▽

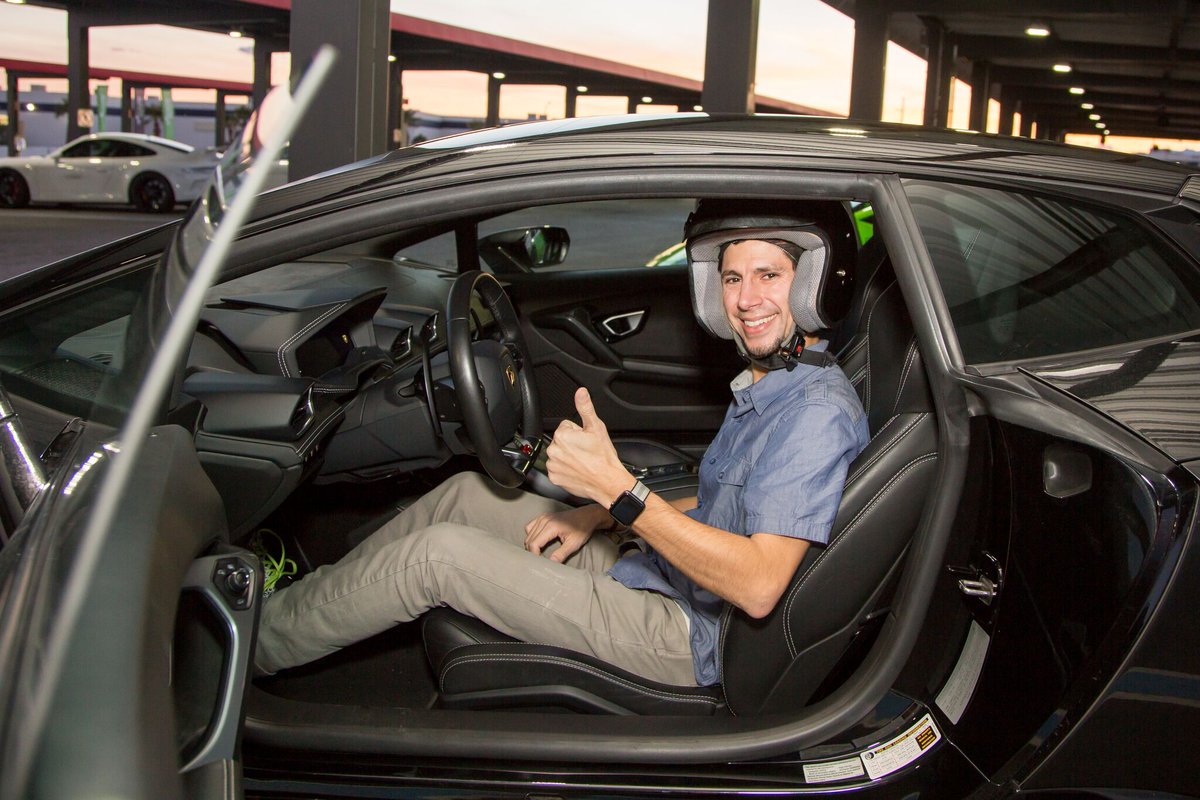 ModernMSummit's tweet photo. At MMS during CES our sponsors and guests got behind the wheel of some incredible sports cars to literally "speed network" down the raceway in Las Vegas! #MMS18 #MMS500
.
.
#Sonobi
#Criteo
#TripleLift
#33Across https://t.co/2qjWsjQh7E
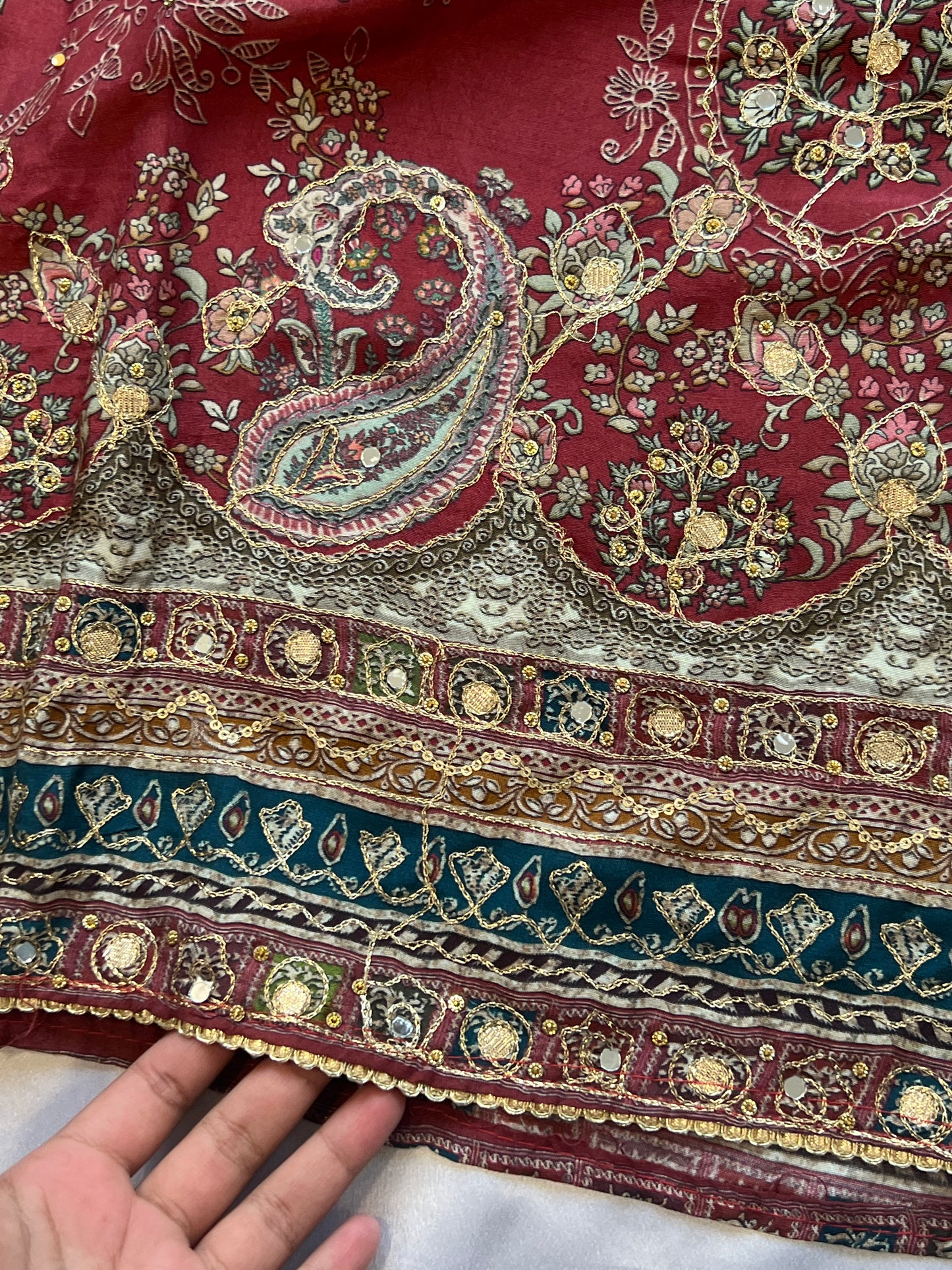 MUSLIN EMBROIDERY SUIT 246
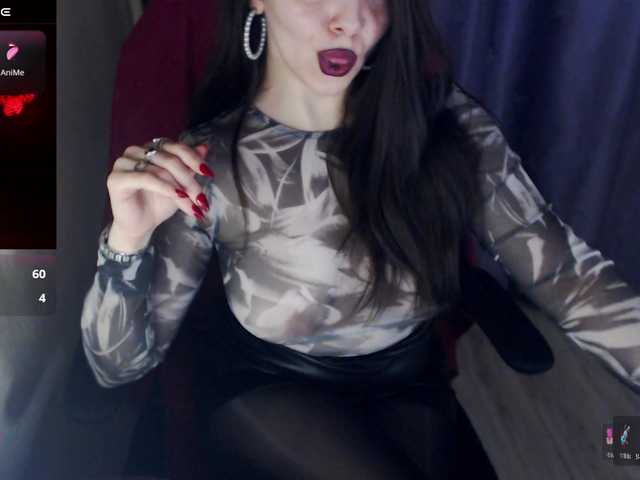 MiaGrace's BongaCams show and profile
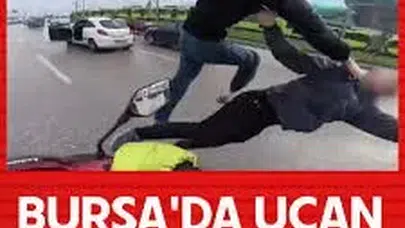 BURSA'DA OTOYOLDA UÇAN TEKMELİ YUMRUKLU KAVGA!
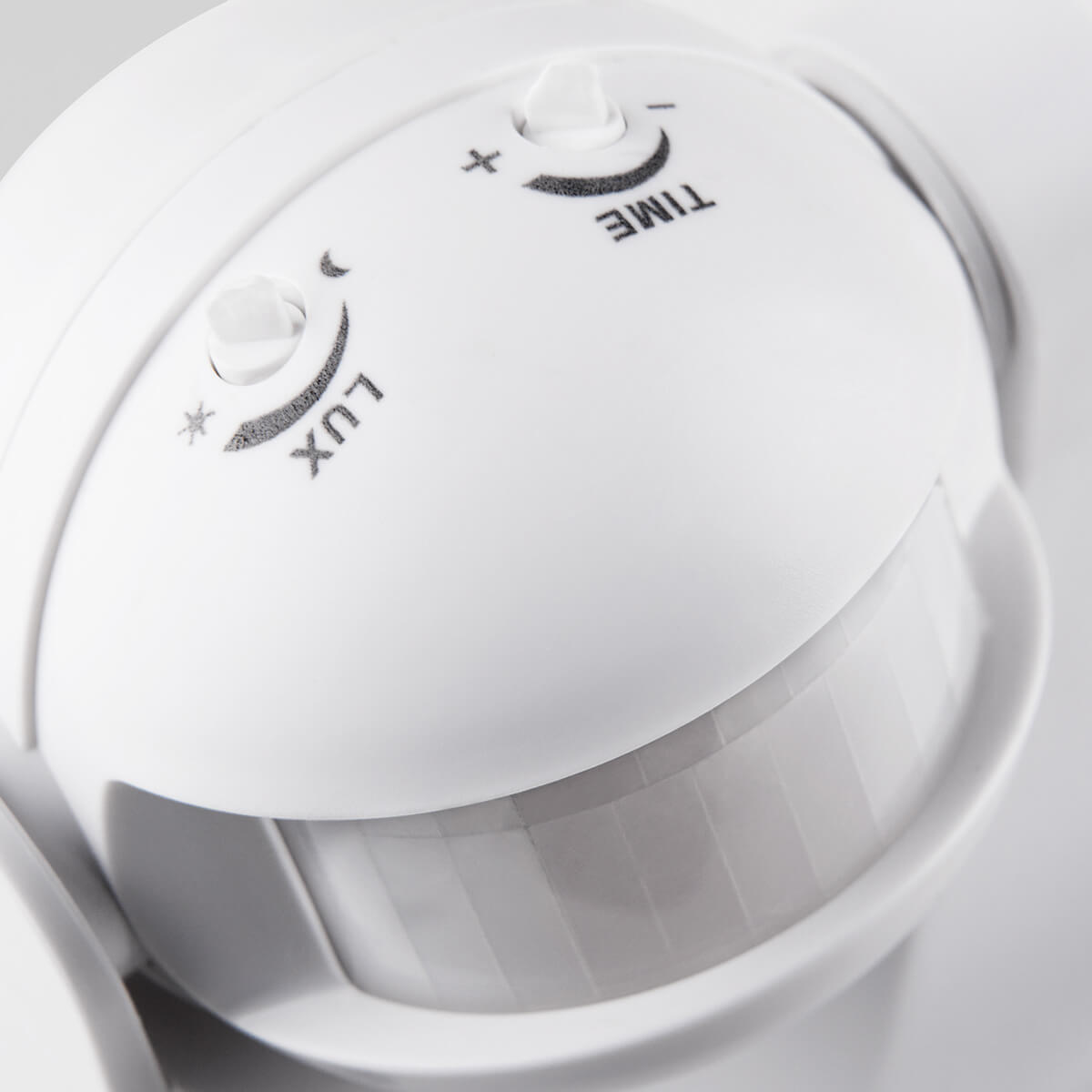 Датчик движения Elektrostandard SNS-M-08 12m 1,8-2,5m 1200W IP44 180 4690389075582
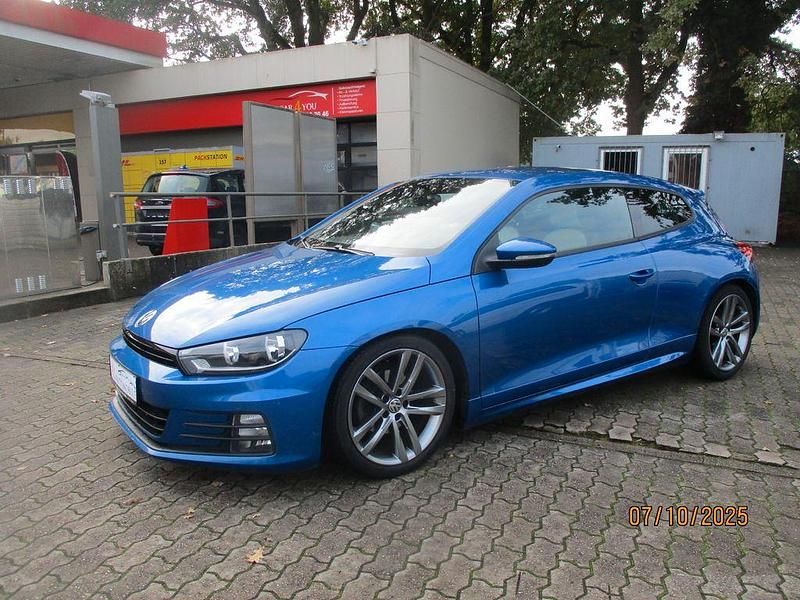 Blau Gebraucht 2015 VW Scirocco Basis Coupé | 11.300 € (Fairer Preis) - Bild 1/4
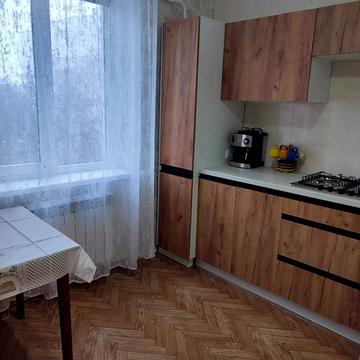 Боровиковського бульв., 7
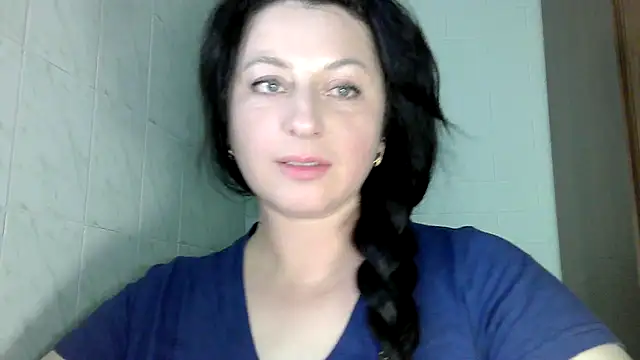 MelinaAx online show from May 12, 2026, 7:42 pm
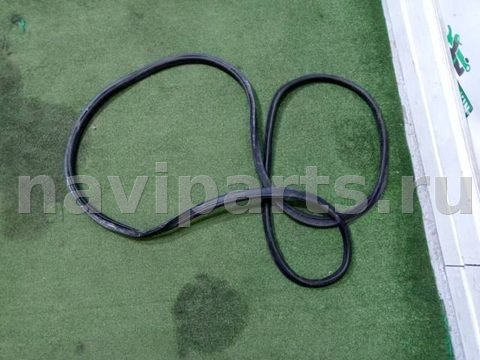 Уплотнитель багажника Porsche Cayenne, 2015 г., OEM 7P5827705, арт. 14234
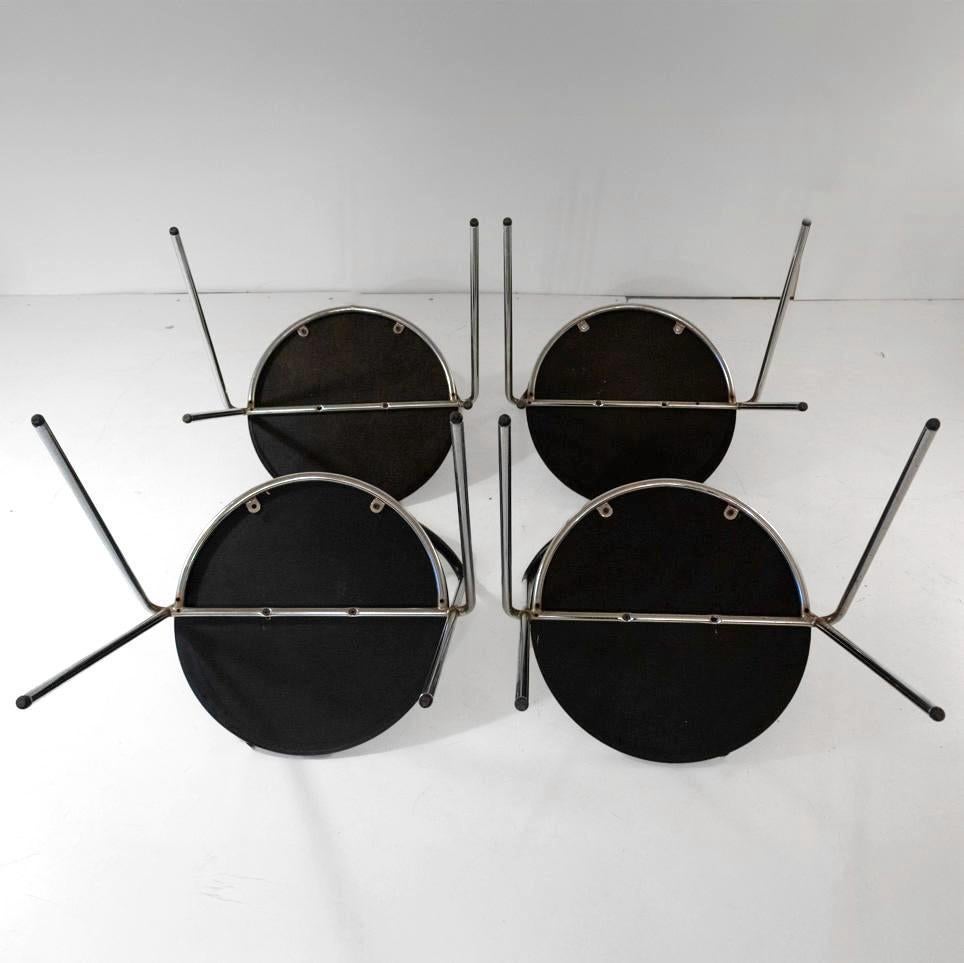 Chaises de salle à manger industrielles empilables en  dans le style de Hans Eichenberger, ensemble de 4 pièces en vente 3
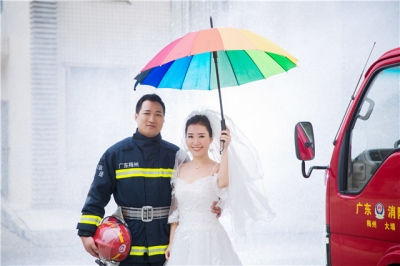 你守城我救人！蓝白夫妻携手演绎最美逆行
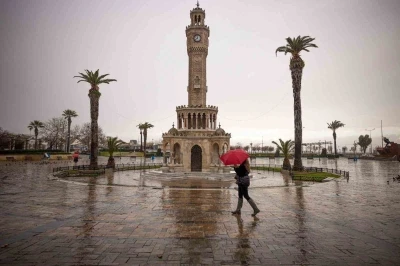 İzmir B&uuml;y&uuml;kşehir ekipleri sağanak nedeniyle seferber oldu
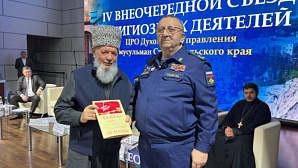 Военный комиссар отметил патриотическую позицию муфтия СК Мухаммада Рахимова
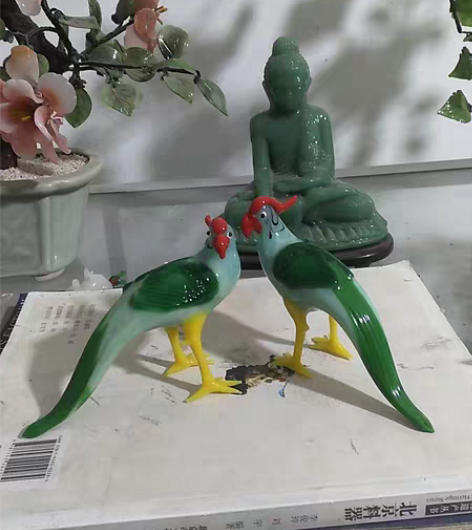 老北京料器厂琉璃鹦鹉有喜欢的请留言 感兴趣...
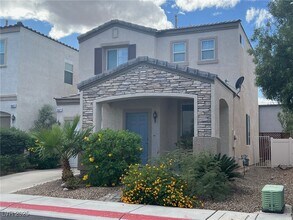 10471 Meadow Village St in Las Vegas, NV - Building Photo - Building Photo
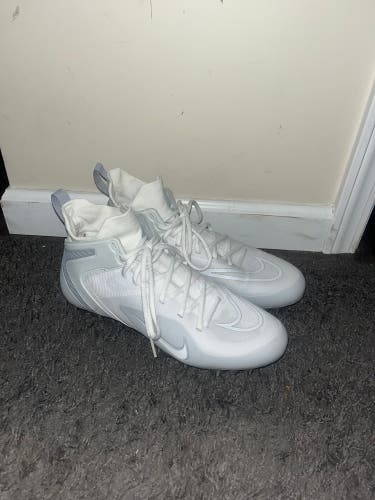 Like New Nike Huarache Elite 8
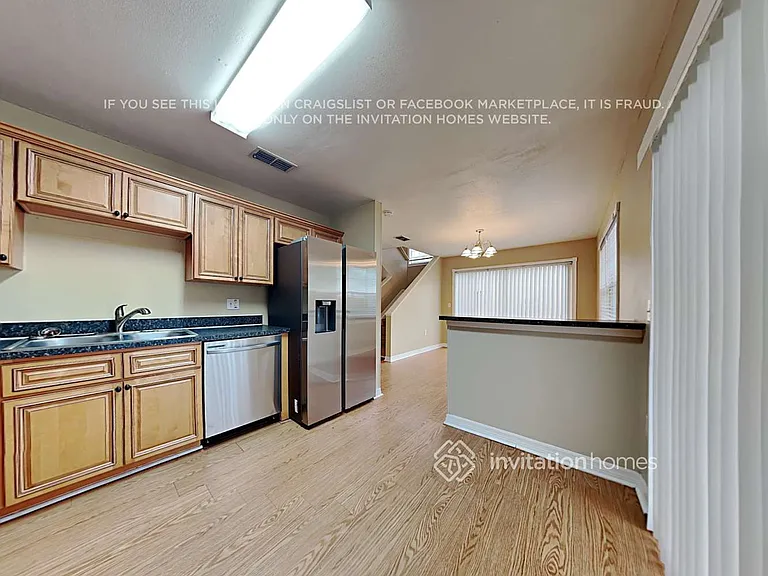 7606 Glades Ct — Photo 6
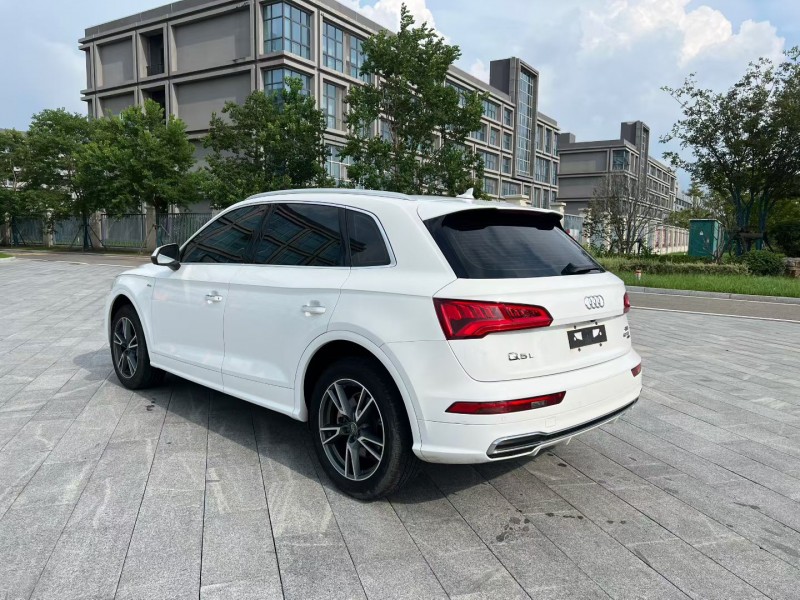 连云港21年奥迪Q58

△

What the exercise asks:
Omit the pictures, then repeat exactly each line from the beginning of the listing through the line with "Датчик движения Elektrostandard".

The completed task:
 ModernMSummit's tweet photo. At MMS during CES our sponsors and guests got behind the wheel of some incredible sports cars to literally "speed network" down the raceway in Las Vegas! #MMS18 #MMS500
.
.
#Sonobi
#Criteo
#TripleLift
#33Across https://t.co/2qjWsjQh7E
 MUSLIN EMBROIDERY SUIT 246
 MiaGrace's BongaCams show and profile
 BURSA'DA OTOYOLDA UÇAN TEKMELİ YUMRUKLU KAVGA!
 Датчик движения Elektrostandard SNS-M-08 12m 1,8-2,5m 1200W IP44 180 4690389075582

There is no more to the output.